Contacts
IGIER Visiting Student Yanduo Chen on a seminar by Sendhi Mullainathan: machine learning techniques could advance scientific research by supporting better hypothesis generation

Every day we meet many people and look at their faces. Could you ever catch their heart pulse by watching their facial blood vessels? You may try, but you won't succeed. Advanced machine learning algorithms can accomplish the task perfectly and there are even apps on mobile phones that measure your heart pulse through a camera. Algorithms can capture patterns in data undetectable by humans. Given this, can machine learning help Scientists come up with new hypotheses based on new patterns in the data?

At the IGIER seminar of October 4th, Sendhil Mullainathan, the Roman Family University Professor of Computation and Behavioral Science at Chicago Booth, presented his new research on algorithmic behavioral science with Jens Ludwig. He believes hypothesis generation could be done more systematically with the help of algorithms and illustrated his idea through a real case on Judicial Biases.

In the US today, approximately 12 million people are arrested every year. Upon arrest, the suspects should wait for trial either at home or in jail. The waiting period takes 2-3 months (sometimes even as high as 9-12 months) and the decisions of where to stay are made by a judge. Obviously, a biased decision could have very negative outcomes: bad people flee or commit crime again at home, while good people stay in jail and lose their jobs. Machine learning can help detect if judicial decisions are biased or not.

Before going any further, we should recall that machine learning is an excellent tool for predicting outcomes such as recidivism and judicial decisions. Mullainathan and Ludwig built two algorithms to predict the risk of recidivism and the judge decisions respectively. The key finding is that there is misalignment in the two algorithms: judicial decisions are predicted by factors other than objective recidivism risk.

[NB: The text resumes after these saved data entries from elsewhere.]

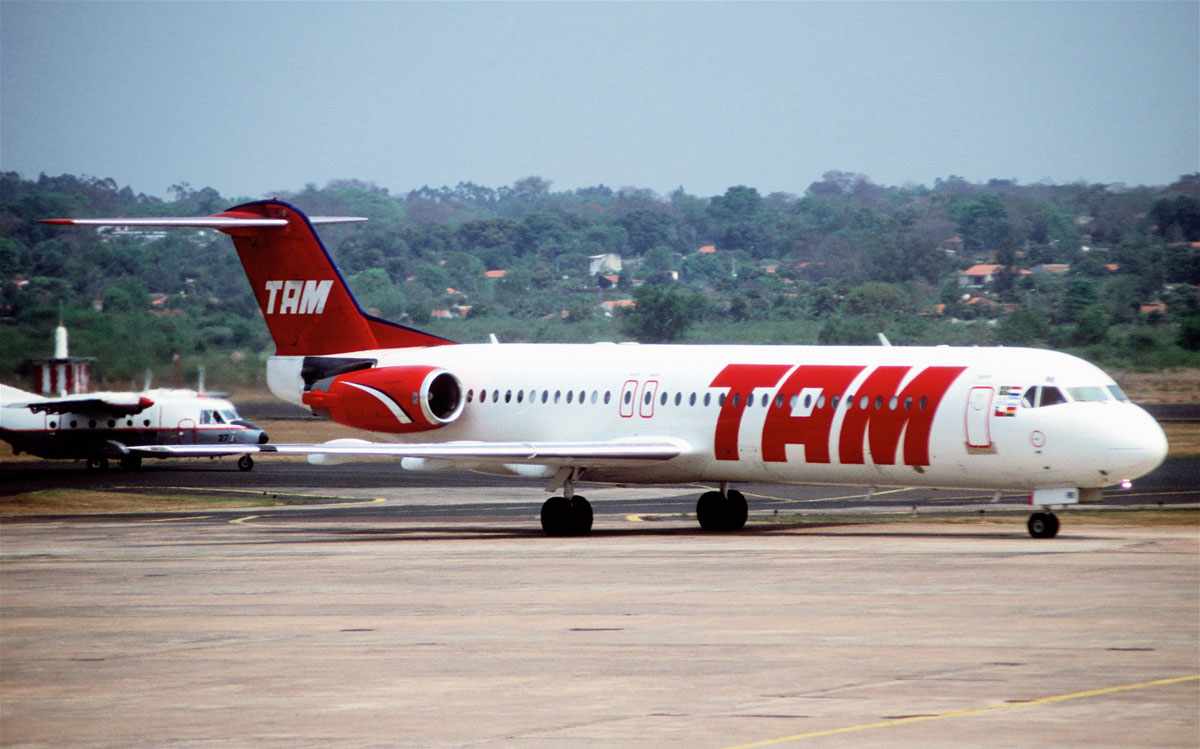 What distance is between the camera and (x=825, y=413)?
3198 cm

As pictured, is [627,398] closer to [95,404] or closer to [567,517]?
[567,517]

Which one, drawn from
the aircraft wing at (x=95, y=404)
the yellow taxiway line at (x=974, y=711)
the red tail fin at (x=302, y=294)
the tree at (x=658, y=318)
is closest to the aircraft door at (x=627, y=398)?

To understand what are these "biasing" factors, Mullainathan and Ludwig use a smart permutation exercise: they replace a given feature x of observation i with the value x' of the same feature for a randomly drawn observation j. Such distortion in data structure would cause a drop in prediction performance, and the drop quantifies the explanatory power of feature x. It turns out that, when one performs this exercise, the scans of a defendant's face explain the largest chunk of variation in judicial decisions. Two follow-up tests are carried out, where face pixels alone predict judge behavior significantly better than random pick, and face pixels explain between 33% and 50% of predictable variation.

Is this finding rediscovering known biases through faces? Thanks to the contributions of excellent research in the past, we have substantial knowledge about what could be interpreted from a face. Through carefully designed experiments, Mullainathan and Ludwig reached the conclusion that algorithm is not rediscovering demographic stereotypes, skin tone bias, current charge bias or known face psychology. Is, however, judging someone from face so intuitive that is trivial to be modelled explicitly? Through behavioral experiments, they also rule out this explanation.

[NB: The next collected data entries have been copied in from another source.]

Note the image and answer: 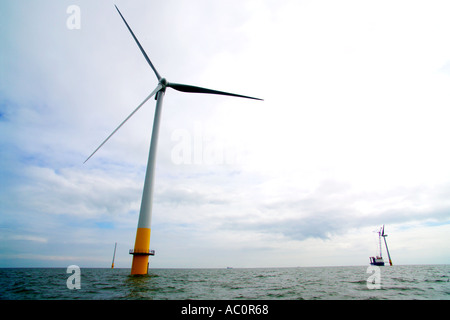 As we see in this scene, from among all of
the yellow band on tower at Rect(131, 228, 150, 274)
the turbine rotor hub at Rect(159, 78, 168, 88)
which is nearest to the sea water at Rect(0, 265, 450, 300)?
the yellow band on tower at Rect(131, 228, 150, 274)

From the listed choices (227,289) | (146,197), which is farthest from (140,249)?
(227,289)

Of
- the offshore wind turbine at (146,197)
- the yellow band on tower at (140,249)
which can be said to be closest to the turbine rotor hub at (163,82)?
the offshore wind turbine at (146,197)

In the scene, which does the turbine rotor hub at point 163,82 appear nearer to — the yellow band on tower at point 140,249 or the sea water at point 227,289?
the yellow band on tower at point 140,249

Face pixels are telling us something new, but what is it? Machine learning is a black box subject to interpretability challenges, but new approaches are emerging to dig deeper. Mullainathan and Ludwig applied a state-of-the-art method, where they form gradients and project it onto faces to form new faces with the help pf Generative adversarial networks (GAN). Through this process, they could not only visualize the different features caught by the algorithm, but isolate the categories of differences between faces – age, color, etc. After running a judgement experiment with the formed faces, they uncover a new factor "well groomed": over 30% of the participants now identify "well groomed" as a factor they take into consideration.

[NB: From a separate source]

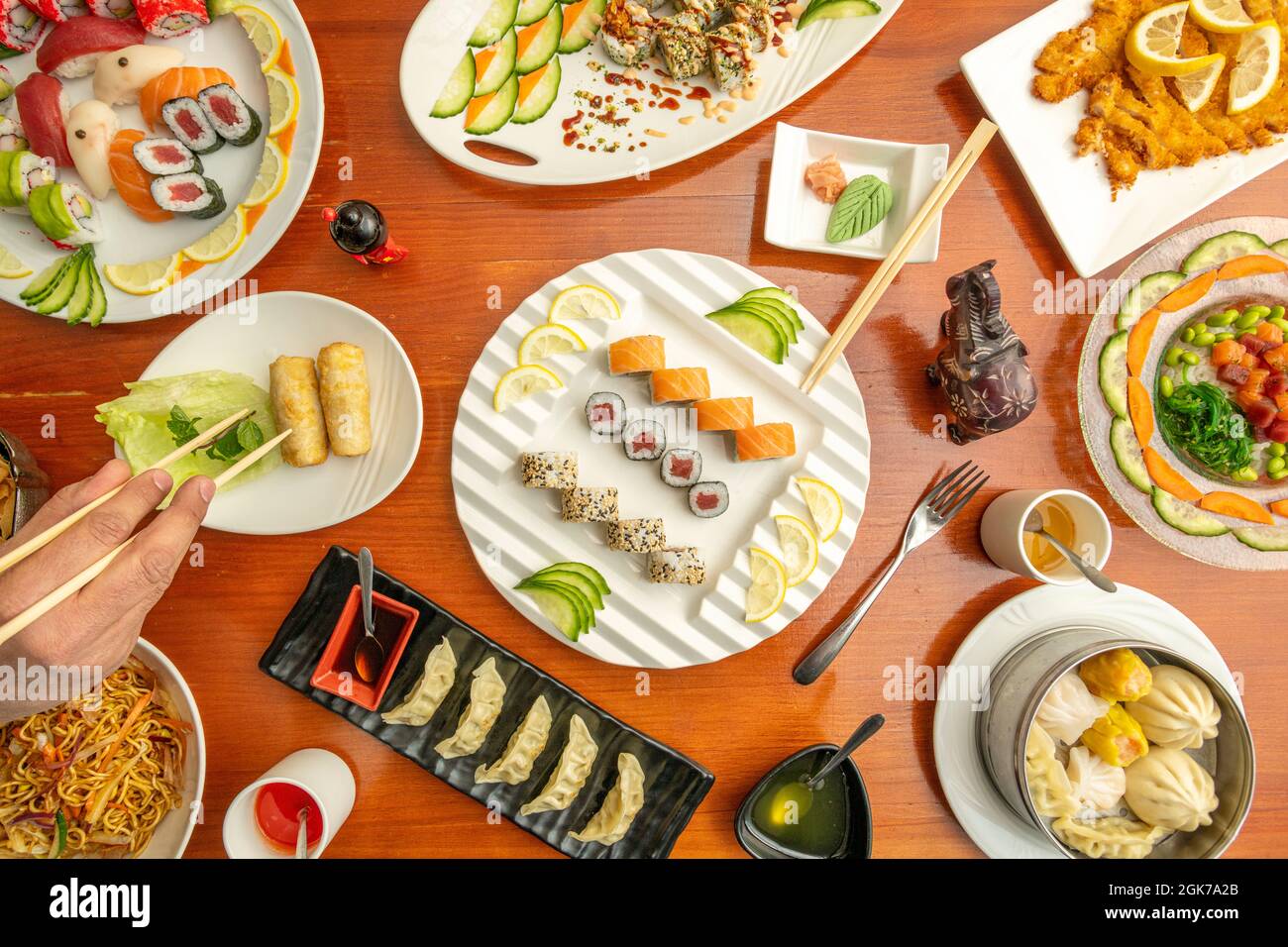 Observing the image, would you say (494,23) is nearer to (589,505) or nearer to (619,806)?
(589,505)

At this stage, a new hypothesis is successfully made. The rest of the test is as normal as in other scientific research. They take ratings of a set of images on "well-groomed" and regress them over judge decisions. The effect is strong even after controlling for other characteristics. After certain extra tests on endogeneity issues, nice research is done. More appealingly, one has only captured a part of the algorithm's signal and more hypotheses could be proposed by iterating the same process.

The key takeaway of this seminar is that hypotheses could be proposed without introspection on the data. All procedures generating the testable hypothesis could be transformed for other settings. Hypothesis generation could thus be as formal as hypothesis testing, and more research could be done without the limit of cognitive apparatus.